Таким образом, в литературоведении наметились две опасные крайности при оценке культурных явлений послесталинской эпохи. Если советские историки литературы вообще не замечают специфики хрущевской оттепели, изображая развитие нашей литературы как единый и гармоничный процесс от Фадеева и Эренбурга до Белова и Приставкина, то эмигрантские филологи порою склонны вообще отказывать кому бы то ни было из официальных советских поэтов и прозаиков — Евтушенко, Вознесенскому, Абрамову или Трифонову — в крупице творческого дарования, рисуя их исключительно — лицемерами, конформистами и трубадурами режима, то есть, в конечном счете, как это ни парадоксально, совпадая до некоторой степени во взглядах с казенным советским литературоведением.

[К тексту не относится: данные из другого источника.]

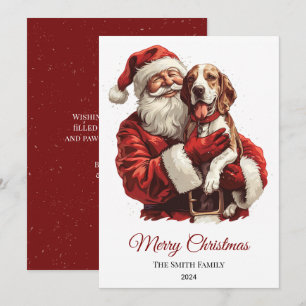 American English Foxhound Santa Claus Christmas Holiday Card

В книге Альтшуллера и Дрыжаковой «Путь отречения» сосуществуют две тенденции — публицистическая и академическая, есть в ней нравственная притязательность, с одной стороны, и, с другой стороны — сдержанный научный анализ богатого фактического материала. Должен сказать, что академизм при этом довольно явно преобладает над публицистикой, и этому, принимая во внимание все сказанное выше, можно только радоваться, ведь недостатка в самой острой публицистике эмигрантское литературоведение не испытывает.

Характерно в своей многозначности само название книги Альтшуллера и Дрыжаковой — «Путь отречения». В нем заложена идея отречения от фальшивых ценностей сталинской эпохи, и в то же время слышится горькая нота, связанная с последующей частичной капитуляцией целого ряда писателей под воздействием наступивших вскоре идеологических заморозков…

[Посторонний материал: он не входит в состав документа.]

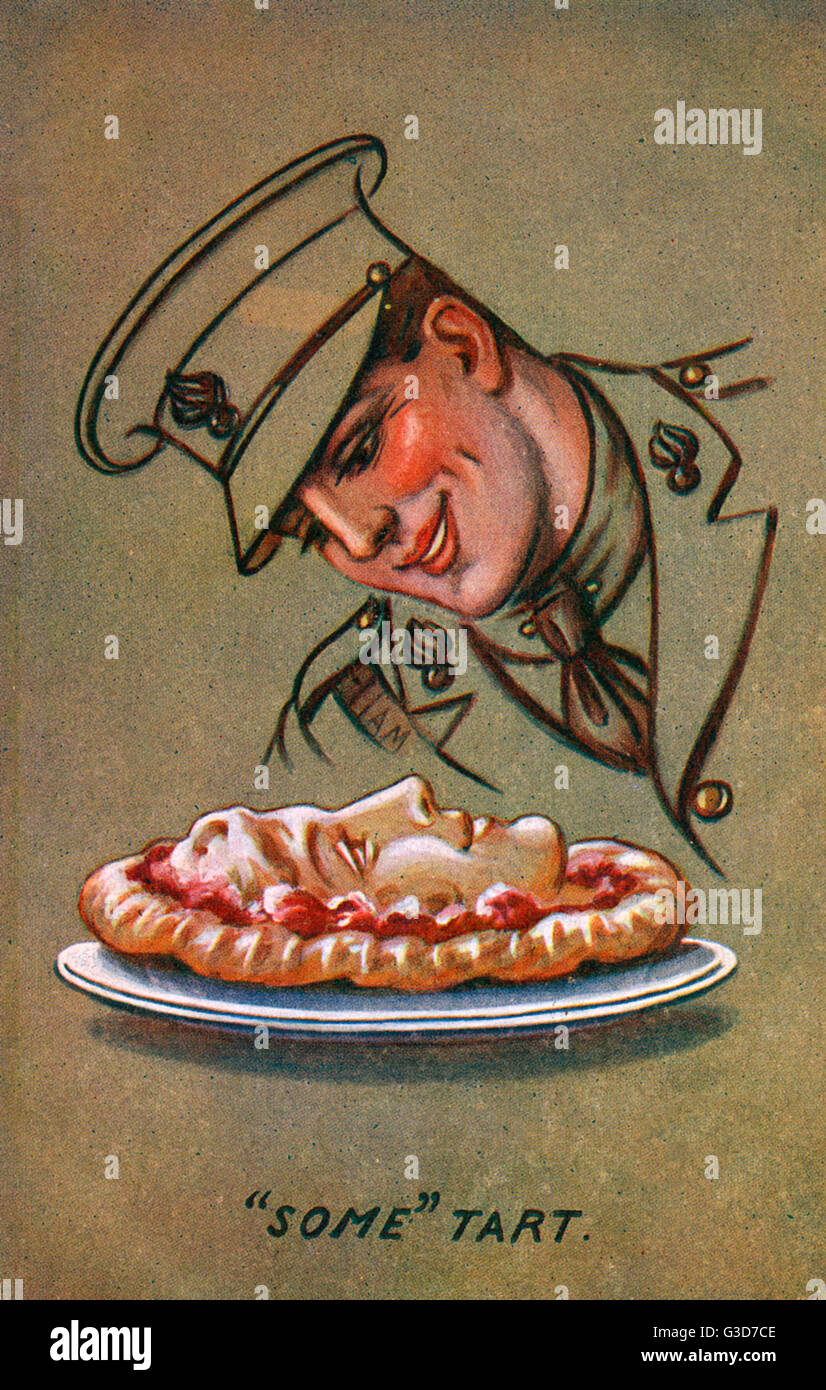 "Some" Tart - WW1 humorvolle Postkarte Stockfoto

Марк Альтшуллер и Елена Дрыжакова — муж и жена, бывшие ленинградцы, эмигрировавшие на Запад в 78-м году. Альтшуллер был в Советском Союзе специалистом по русской поэзии допушкинской эпохи, Дрыжакова занималась творчеством Герцена, оба напечатали в советских научных изданиях множество статей, после эмиграции преподавали в нескольких американских университетах, печатаясь как по-русски, так и по-английски.

В книге Альтшуллера и Дрыжаковой семь разделов, каждый из них ограничен хронологическими рамками и соответствует определенному этапу в общем процессе культурного ренессанса.

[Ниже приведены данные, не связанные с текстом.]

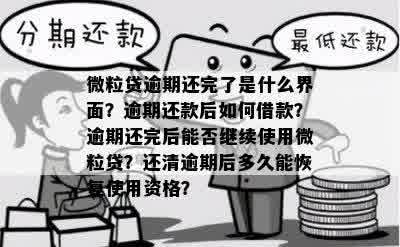 微粒贷逾期还完了是什么界面？逾期还款后如何借款？逾期还完后能否继续使用微粒贷？还清逾期后多久能恢复使用资格？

Первый раздел, «Оттепель», содержит анализ первых ростков свободомыслия в произведениях поэтов Твардовского, Слуцкого, Ольги Берггольц и прозаиков — Эренбурга, Дудинцева, Гранина.

Второй раздел, «Выжидательное пятилетие» (1957–1961), посвящен в основном Борису Пастернаку и его Нобелевской эпопее.

В третьем разделе, «На гребне хрущевского либерализма», содержатся короткие монографические исследования творчества Евтушенко, Вознесенского, Ахмадулиной, Окуджавы и других известных поэтов, триумфально заявивших о себе в эпоху послесталинской либерализации.

Четвертый раздел целиком отведен Солженицыну, причем речь идет именно о Солженицыне-художнике, в то время как за последние годы Солженицын стал объектом анализа почти исключительно как публицист, историк и общественный деятель, что несколько искажает представление об этом писателе.

В пятом разделе, «Разрушение социалистического реализма», анализируется проза «Нового мира» в эпоху расцвета этого журнала, а также дается монографический очерк творчества Василия Аксенова — может быть, самого типичного представителя литературного поколения, сформировавшегося в послесталинский период.

В двух последних разделах речь идет о творчестве Евгении Гинзбург, Юрия Домбровского, Варлама Шаламова, Василия Гроссмана — то есть о писателях, которые так и не смогли, несмотря на весь хрущевский либерализм, опубликовать на родине свои главные произведения.

Кстати, именно в этих разделах мне удалось обнаружить ряд мелких неточностей. Приведу одну из них. Альтшуллер и Дрыжакова утверждают, что ни одно стихотворение Иосифа Бродского не было опубликовано в Советском Союзе. Это ошибка. В СССР опубликовано не менее семи оригинальных стихотворений Бродского, а также несколько его переводов, что, конечно же, не меняет существа дела: Бродский был и остается у себя на родине запрещенным поэтом.

Заканчивают Альтшуллер и Дрыжакова свою книгу сдержанно-оптимистической нотой:

«…Хотя вторжение советских танков в Чехословакию означало возвращение советского государства к жесткому тоталитарному курсу, повернуть назад к сталинскому террору и заставить литературу писать по лживым стандартам социалистического реализма — КПСС не удалось».